Design for Recycling
Placing used electronics in landfills isn’t smart – neither economically nor for human and environmental health. Fortunately, more and more consumers and organizations are sending electronics to responsible recyclers whose byproducts are gold, tin, aluminum, tantalum and other important materials for new electronic products.
Recyclers’ profits are largest when products are designed for “Economic Recycling.” Recycling is economical when the value of disassembled parts and materials is greater than the cost of disassembling them. In addition, product designers can greatly influence the economic recycling of their products, by employing several principles, including: the use a minimal number of fasteners; use of colour coding; avoiding permanent bonding between different or valuable parts; grouping of any hazardous parts or materials in one area of the product, for quick and safe removal; and by providing pictorial instructions for quick, safe and economic disassembly.
Design for Recycling techniques also make original manufacturing as well as reuse/upgrades/refurbishment faster and more economical. Finally, when choosing material suppliers, manufacturers can give preference to those leveraging responsibly recycled and labelled components and materials.
The Fourth R: Design for Rot
Good choices in materials for electronic products and packaging can include renewable, recycled and compostable materials – as alternatives to virgin, mined materials. One of the numerous examples of renewable, compostable and relatively inexpensive materials is mycelium packaging, made from custom-grown mushrooms, which is strong enough for companies to package their sensitive electronic products.
The advantages of biological materials for electronics and packaging are that they are renewable and tend to be lighter and more moldable than their petroleum-based alternatives. Their prices and availability are not dragged down by shortages of non-renewable materials, and eco-educated consumers are fascinated by renewable materials – differentiating the product from the rest of the pack and leading to higher revenues.
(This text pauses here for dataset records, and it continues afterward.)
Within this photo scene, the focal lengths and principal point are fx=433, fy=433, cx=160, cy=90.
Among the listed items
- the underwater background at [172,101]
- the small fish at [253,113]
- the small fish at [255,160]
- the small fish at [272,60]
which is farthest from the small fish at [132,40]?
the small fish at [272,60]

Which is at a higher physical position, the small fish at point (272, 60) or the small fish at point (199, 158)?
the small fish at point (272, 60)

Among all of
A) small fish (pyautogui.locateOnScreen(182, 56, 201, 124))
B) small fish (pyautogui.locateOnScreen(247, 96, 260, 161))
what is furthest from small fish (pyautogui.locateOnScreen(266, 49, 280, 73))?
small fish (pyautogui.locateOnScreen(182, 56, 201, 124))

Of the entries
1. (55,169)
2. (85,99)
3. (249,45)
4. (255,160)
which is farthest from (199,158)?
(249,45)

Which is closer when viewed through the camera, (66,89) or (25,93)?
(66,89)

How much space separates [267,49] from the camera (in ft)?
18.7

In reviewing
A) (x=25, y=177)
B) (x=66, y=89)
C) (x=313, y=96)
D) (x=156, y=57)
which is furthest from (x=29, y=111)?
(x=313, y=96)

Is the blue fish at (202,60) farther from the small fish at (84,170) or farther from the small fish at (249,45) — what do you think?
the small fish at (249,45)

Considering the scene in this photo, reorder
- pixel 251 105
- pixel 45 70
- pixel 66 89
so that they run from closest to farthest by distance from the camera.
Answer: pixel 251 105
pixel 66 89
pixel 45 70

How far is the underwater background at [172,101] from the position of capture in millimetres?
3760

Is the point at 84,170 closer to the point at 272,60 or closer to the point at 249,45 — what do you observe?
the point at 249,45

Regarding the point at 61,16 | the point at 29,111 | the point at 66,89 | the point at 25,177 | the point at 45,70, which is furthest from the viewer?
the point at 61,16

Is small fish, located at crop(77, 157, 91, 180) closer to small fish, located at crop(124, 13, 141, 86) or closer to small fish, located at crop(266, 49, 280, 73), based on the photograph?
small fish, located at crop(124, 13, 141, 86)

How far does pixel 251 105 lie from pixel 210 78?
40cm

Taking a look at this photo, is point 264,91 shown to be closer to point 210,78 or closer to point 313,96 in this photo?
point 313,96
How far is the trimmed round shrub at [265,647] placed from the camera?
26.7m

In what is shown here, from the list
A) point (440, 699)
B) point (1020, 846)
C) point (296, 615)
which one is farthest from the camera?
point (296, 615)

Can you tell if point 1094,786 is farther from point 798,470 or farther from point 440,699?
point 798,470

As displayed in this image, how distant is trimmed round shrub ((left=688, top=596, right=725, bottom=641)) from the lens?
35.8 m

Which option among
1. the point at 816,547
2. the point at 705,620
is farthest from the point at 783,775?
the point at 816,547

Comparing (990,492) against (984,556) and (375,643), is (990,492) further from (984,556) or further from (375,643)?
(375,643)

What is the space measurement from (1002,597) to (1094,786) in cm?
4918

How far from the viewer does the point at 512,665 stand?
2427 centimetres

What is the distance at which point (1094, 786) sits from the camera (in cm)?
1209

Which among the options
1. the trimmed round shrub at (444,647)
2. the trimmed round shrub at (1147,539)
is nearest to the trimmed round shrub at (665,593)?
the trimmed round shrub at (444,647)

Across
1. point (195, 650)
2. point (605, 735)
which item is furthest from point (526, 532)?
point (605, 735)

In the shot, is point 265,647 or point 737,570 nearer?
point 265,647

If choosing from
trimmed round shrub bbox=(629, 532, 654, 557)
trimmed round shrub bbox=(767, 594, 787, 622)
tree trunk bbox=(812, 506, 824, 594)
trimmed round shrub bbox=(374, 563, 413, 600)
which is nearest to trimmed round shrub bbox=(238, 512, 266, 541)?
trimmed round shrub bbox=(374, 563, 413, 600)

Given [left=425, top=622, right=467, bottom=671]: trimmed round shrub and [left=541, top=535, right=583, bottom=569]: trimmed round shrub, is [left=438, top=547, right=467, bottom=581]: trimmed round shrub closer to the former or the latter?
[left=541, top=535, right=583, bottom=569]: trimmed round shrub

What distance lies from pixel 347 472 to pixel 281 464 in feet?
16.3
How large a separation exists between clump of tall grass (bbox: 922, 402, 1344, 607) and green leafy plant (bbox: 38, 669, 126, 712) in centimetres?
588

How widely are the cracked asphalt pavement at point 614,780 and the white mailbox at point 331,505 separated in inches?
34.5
Note the recent publicity given to transient, dissolving electronics. Three USA universities collaborated to develop a biodegradable electronics technology made of ultrathin sheets of silicon, magnesium, silk and other biocompatible materials. They completely and harmlessly dissolve in water at different rates depending on the structure of the silk, taking from a couple of minutes to a few years.
Training in DfE
Whereas Design for Environment principles are not difficult, still designers and other members of product-launch teams need to be trained in DfE. Training in DfE is also a good idea for recyclers, contract manufacturers, and other organizations who would profit from coaching their customers in designing products for economical recycling and other aspects of DfE. Online training is available.